Interesting Stuff - Week 35, 2025

Week 35 brings a fascinating paradox in AI development: while Anthropic pilots Claude for Chrome with impressive capabilities but sobering security vulnerabilities, researchers discover that the most human-sounding AI model costs just pennies compared to premium alternatives. From Claude Code’s meteoric rise among developers to Google’s “nano-banana” image generation model, this week highlights how the AI landscape is being shaped as much by user experience design and cost-effectiveness as raw technical performance.

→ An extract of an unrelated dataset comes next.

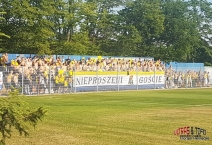 PL: Orlęta Radzyn Podlaski - Motor Lublin. 2018-06-02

The developments span from browser automation and coding assistants to image generation and market research, revealing an industry where authenticity and accessibility often trump expensive computational power. On the local front, after years without a dedicated .NET conference in Durban due to venue constraints, .NET Conf SA is tentatively scheduled for November 15 at the Umhlanga Campus of Richfield College, marking a significant milestone for the regional developer community.

Generative AI

Piloting Claude for Chrome. Anthropic’s latest announcement puts Claude directly into your Chrome browser, and this post details what might be the most significant leap forward in AI-powered web automation yet. The company is piloting Claude for Chrome with 1,000 Max plan users, giving the AI assistant the ability to see web pages, click buttons, fill forms, and essentially act as your digital assistant across the entire web. It’s the logical next step after connecting Claude to calendars and documents, but it comes with some serious security considerations that make this rollout particularly fascinating from a safety perspective.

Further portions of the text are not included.